The title speaks for itself!  I stopped talking to this guy, because he thought I was his human atm.  For example, he asked for 3 big ticket items.  He wanted a laptop ($300+), rims ($1500), and not a cheap cell phone ($100+).  So yeah.  We are not even dating or anything.  We was just friends.  Now you tell me....would you buy those things for someone that you're just talking to?  He got mad at me for not wanting to buy those things for him.  I'm sorry, but I wasn't put on this earth to buy expensive things for a guy like him. 

Let me explain the situation more clearly:

We started talking back in June.  We would hang out and all that great stuff.  It was nothing serious.  I do admit that I would buy food and stuff like that for him, because I won't deny anybody food.  I wasn't raised like that.  Anyway, then he would start asking for shoes and things like that.  He would tell me that it's for work, and I would feel bad.  So I did buy those things also (big mistake!).  I told him about my past.  How I used to support my ex's.  I learned my lesson when it comes to buying or paying for big things.  But it seems like if you try to help out with the little things, then they expect the bigger things too.  Anyway, one day out of the blue he says, "I want to be single."  Ok, that's fine by me.  He still wanted to talk to me and everything.  Which I usually don't do, because I like a clean break for a little bit.  So I can straighten out things mentally, etc.  Well he kept asking me to do things for him.  Some I did, because it was important.  Then when he starts asking for a laptop, that's when I put my foot down.  He got so mad at me that he stopped talking to me for awhile.  Then he will call back to see if I changed my mind.  Then he would say well you let your exs use you.  That I'm not like that, and I still talk to you.  He was basically saying, "I'm different from them, so you should buy me those expensive things."  Total BS!  So I reached the point to where I don't care if we talk or anything!  I know that some of it is my fault for just letting it be the little things.  But I can't help it.  When someone asks for help, I try my best to help them.  When is it ok to help someone, and when is it not?  How do you really know if someone is for real, or if they're not?  I mean if the person cared for me, would they get mad at me for saying no?  I wouldn't think so.  He used to say things like, "Well if you dont', then I'll find another girl to do it for me." Or my favorite one,"I treat you right, and you don't do anything for me."  Things like that made me feel bad.  So I guess it's just my insecurity playing it's part in this whole mess.  So what I need to do is stop worrying about if I'll ever get married or anything like that.  Just worry about me and focus on me! 

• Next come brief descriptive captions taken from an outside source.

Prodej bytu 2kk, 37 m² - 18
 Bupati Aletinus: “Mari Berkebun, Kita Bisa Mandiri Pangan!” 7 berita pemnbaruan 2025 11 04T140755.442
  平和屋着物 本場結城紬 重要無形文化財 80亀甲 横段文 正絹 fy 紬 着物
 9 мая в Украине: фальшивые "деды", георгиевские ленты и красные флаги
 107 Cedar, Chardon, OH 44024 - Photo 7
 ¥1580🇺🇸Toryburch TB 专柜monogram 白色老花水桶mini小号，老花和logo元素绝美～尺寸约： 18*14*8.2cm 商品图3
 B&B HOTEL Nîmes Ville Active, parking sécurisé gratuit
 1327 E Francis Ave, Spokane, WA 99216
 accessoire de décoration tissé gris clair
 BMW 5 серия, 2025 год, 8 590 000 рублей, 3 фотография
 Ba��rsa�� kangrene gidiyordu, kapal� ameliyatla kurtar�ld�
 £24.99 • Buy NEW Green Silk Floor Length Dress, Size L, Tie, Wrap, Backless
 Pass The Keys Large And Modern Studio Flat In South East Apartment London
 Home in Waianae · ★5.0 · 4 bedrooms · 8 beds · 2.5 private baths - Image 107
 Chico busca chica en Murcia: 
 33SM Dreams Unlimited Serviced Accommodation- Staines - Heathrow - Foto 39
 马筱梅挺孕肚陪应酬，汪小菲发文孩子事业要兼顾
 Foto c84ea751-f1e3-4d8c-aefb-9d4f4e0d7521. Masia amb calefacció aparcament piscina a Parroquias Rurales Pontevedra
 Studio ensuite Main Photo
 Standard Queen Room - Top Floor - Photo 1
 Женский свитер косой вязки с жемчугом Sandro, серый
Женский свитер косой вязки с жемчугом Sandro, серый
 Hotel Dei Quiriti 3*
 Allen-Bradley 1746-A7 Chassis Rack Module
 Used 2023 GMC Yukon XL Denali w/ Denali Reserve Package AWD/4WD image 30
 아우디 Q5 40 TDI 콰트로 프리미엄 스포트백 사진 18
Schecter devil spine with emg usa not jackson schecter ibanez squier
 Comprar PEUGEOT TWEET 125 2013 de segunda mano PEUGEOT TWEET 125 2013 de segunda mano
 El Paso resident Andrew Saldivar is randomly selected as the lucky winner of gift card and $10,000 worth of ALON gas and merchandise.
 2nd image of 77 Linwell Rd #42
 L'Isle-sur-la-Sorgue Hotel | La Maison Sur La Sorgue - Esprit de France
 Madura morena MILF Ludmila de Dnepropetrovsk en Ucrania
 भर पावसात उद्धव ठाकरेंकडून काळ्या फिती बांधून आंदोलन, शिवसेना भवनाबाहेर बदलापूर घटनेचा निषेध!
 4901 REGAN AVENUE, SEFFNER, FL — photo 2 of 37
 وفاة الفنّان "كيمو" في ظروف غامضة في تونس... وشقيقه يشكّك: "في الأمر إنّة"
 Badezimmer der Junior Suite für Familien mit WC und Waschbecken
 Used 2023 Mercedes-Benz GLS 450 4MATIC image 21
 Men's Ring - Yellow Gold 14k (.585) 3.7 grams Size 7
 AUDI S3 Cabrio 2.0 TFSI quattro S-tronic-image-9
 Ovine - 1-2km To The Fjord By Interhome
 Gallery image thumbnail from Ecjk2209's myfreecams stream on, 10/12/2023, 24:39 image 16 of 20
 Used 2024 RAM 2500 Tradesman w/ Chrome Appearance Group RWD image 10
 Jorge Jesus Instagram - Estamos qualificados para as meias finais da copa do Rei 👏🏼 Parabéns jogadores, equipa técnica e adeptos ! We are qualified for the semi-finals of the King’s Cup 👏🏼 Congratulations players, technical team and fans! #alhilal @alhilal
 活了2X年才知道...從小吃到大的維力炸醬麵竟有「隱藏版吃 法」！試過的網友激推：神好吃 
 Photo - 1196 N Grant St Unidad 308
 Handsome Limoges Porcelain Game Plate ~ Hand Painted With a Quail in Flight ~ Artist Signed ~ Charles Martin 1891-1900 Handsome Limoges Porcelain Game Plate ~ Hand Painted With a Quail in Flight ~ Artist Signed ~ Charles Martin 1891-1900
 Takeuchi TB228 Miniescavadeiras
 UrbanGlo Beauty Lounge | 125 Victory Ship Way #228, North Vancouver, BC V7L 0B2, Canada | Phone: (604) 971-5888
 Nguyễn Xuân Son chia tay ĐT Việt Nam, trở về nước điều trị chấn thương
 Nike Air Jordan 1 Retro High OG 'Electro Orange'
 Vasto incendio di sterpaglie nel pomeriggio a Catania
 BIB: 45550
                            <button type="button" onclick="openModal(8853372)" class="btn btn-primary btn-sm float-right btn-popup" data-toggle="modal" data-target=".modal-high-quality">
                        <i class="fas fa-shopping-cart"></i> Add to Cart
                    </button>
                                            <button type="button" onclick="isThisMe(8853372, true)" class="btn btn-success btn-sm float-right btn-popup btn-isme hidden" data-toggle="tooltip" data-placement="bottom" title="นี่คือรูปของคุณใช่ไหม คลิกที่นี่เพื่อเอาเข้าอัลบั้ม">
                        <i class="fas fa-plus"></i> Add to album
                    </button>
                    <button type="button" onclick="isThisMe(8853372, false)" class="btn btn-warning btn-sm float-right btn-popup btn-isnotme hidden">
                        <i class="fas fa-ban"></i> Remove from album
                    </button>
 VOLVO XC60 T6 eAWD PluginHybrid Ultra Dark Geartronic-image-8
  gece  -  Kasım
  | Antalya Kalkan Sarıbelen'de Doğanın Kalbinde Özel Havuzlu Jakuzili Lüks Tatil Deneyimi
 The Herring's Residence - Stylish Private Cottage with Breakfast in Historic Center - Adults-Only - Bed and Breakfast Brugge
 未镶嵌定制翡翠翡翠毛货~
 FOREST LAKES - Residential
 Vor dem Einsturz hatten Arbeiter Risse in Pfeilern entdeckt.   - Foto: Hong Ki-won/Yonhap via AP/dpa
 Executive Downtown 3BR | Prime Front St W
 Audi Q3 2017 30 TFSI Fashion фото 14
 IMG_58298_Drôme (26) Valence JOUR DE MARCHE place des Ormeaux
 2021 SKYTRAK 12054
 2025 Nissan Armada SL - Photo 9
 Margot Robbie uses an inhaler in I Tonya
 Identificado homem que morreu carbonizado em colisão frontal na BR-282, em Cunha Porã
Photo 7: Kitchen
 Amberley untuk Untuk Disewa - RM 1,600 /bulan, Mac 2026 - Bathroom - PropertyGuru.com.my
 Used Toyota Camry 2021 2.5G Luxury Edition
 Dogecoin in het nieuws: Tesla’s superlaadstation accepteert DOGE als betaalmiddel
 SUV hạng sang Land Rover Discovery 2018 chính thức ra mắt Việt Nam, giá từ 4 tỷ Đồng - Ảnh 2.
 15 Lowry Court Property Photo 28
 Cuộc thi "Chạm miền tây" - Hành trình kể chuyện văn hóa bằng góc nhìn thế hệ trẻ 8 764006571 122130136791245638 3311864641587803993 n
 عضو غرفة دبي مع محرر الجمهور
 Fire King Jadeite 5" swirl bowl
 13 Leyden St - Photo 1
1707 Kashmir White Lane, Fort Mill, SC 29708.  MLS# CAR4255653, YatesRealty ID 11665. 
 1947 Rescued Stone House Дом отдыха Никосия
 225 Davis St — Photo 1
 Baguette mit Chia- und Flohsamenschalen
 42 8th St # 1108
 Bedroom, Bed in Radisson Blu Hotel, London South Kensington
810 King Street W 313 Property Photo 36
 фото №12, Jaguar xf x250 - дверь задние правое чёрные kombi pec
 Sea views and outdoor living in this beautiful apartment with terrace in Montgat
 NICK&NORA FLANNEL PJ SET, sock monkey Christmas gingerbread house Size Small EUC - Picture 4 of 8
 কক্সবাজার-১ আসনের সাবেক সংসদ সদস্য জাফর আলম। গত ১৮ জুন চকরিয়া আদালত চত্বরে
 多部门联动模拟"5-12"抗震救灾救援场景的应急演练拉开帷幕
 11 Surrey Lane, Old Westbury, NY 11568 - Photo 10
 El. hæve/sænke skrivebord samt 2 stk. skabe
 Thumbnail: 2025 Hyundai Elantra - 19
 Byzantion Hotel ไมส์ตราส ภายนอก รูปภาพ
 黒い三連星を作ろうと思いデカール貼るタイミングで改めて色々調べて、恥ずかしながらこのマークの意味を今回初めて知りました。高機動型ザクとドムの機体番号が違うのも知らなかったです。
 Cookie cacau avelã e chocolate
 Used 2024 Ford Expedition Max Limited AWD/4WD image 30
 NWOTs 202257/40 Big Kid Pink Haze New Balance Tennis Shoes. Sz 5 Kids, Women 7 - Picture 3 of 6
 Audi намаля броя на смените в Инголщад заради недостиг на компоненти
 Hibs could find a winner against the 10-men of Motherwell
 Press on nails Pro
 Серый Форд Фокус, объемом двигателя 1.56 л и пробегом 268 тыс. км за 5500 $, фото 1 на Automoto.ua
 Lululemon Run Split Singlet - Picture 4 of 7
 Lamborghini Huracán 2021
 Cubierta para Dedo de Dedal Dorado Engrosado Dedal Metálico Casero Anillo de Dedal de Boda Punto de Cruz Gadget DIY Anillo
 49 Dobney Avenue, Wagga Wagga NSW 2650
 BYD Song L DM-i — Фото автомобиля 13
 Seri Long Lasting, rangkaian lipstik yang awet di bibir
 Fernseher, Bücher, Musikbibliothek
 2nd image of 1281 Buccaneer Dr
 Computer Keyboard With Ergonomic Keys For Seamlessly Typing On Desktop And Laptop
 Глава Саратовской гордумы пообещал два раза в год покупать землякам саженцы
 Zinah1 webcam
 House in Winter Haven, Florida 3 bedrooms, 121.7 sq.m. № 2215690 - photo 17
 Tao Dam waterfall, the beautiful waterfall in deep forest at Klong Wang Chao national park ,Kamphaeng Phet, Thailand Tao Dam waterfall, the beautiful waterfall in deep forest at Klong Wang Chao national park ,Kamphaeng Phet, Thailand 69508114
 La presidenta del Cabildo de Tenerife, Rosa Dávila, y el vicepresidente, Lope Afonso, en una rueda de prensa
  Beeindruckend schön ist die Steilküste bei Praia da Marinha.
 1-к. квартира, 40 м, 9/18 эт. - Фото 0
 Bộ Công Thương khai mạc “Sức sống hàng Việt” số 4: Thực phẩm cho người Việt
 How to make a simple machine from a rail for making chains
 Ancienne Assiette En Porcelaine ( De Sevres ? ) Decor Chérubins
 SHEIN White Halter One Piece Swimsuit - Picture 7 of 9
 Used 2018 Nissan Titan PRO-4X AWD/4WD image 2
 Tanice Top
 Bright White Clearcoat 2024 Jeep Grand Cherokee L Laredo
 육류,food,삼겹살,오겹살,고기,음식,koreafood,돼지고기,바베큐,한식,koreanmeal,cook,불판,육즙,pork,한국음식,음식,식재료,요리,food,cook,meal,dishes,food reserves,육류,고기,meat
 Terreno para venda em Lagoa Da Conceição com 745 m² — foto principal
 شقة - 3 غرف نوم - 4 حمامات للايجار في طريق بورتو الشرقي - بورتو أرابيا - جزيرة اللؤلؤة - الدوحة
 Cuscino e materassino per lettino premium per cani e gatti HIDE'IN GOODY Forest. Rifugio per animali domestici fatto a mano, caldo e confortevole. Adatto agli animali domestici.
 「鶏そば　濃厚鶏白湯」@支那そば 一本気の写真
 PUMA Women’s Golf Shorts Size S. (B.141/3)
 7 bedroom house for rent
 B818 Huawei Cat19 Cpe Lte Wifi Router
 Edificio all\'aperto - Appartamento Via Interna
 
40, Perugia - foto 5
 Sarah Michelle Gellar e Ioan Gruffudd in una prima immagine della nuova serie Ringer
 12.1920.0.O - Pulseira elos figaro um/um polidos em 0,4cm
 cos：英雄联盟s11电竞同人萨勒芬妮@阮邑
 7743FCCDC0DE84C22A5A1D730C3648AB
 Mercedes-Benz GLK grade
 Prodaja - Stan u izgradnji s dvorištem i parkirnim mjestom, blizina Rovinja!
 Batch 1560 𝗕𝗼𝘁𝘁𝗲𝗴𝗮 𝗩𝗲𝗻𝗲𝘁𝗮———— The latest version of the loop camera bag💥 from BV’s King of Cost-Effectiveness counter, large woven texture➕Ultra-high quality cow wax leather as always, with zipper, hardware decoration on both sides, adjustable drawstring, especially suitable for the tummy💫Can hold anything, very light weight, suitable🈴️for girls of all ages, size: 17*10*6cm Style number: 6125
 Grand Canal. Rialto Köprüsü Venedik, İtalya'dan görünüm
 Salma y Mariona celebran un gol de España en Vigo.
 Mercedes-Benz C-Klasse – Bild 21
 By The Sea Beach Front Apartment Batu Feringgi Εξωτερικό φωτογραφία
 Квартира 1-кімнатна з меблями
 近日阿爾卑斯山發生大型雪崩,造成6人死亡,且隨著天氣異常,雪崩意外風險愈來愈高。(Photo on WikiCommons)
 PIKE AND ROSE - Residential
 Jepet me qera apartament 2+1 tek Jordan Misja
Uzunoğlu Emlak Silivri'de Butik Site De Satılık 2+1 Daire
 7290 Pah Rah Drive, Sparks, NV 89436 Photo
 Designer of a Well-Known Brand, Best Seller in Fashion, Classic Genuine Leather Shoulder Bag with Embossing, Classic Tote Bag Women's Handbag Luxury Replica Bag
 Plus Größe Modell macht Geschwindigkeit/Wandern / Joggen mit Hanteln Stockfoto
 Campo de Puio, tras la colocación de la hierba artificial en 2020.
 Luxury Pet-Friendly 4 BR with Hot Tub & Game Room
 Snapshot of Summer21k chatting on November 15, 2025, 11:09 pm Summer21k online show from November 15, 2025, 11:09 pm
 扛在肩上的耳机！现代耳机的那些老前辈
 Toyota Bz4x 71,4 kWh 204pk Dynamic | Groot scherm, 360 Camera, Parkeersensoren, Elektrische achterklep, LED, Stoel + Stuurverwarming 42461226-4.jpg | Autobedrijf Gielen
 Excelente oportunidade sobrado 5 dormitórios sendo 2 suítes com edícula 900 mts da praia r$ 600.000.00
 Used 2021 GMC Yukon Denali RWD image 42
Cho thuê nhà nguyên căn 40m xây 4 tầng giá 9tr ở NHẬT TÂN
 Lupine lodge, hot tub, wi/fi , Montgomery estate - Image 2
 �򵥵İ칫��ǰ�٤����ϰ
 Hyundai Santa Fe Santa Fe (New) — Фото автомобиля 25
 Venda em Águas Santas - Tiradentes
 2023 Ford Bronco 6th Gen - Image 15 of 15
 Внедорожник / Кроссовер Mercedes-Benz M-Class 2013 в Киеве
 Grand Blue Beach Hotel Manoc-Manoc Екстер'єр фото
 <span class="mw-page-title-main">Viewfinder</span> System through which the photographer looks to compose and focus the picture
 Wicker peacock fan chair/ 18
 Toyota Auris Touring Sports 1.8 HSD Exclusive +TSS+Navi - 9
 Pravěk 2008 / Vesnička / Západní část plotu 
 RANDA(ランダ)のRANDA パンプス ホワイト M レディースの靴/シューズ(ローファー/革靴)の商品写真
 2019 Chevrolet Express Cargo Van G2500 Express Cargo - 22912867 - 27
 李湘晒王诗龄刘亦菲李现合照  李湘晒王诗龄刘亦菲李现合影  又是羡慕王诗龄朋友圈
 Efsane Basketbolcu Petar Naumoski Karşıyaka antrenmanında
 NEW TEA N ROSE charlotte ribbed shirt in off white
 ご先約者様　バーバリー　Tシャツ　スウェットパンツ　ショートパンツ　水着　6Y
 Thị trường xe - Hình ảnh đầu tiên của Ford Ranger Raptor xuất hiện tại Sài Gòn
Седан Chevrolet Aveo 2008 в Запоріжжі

It seems one of the most important things in life for people is to fall in love and do the whole family/marriage thing.  I believe that I have made that one, one of my own.  I apparently look for love in all the wrong places.   I should just let it take its course, and go with the flow.  If I do get to be a bride one day, then so be it.  I'm tired of the heartache and rejection I receive. 

On a lighter note:

I'm still enjoying my job!  That's a major plus :)  I got to hang out with the bestie today!  Here she is:
Karly

We had some lunch from Chickfila (my favorite place to eat!).  We went to the mall, and then back to her house.  We just enjoyed chatting and goofing around.  We are going to start working out again.  Which I can't wait, I really need to lose some of this extra weight.  I had a really good day hanging with her. 

I also got to take some pics of my dog, Rosie.  Then of a Christmas catus.  The catus used to be my grandma's, but she passed away back in '08.  So my mom has been taking care of it ever since.  My grandma loved her catus.  So this year it has finally bloomed :) 


Rosie, my lab :)
Christmas Catus
It's starting to bloom

Today was a good day!!  I didn't talk to the guy all day!  I hung out with my best friend.  Plus, I got to take a lot of pictures!  :)   I'm going to go to bed, and hope for another good day tomorrow!  Goodnite everyone!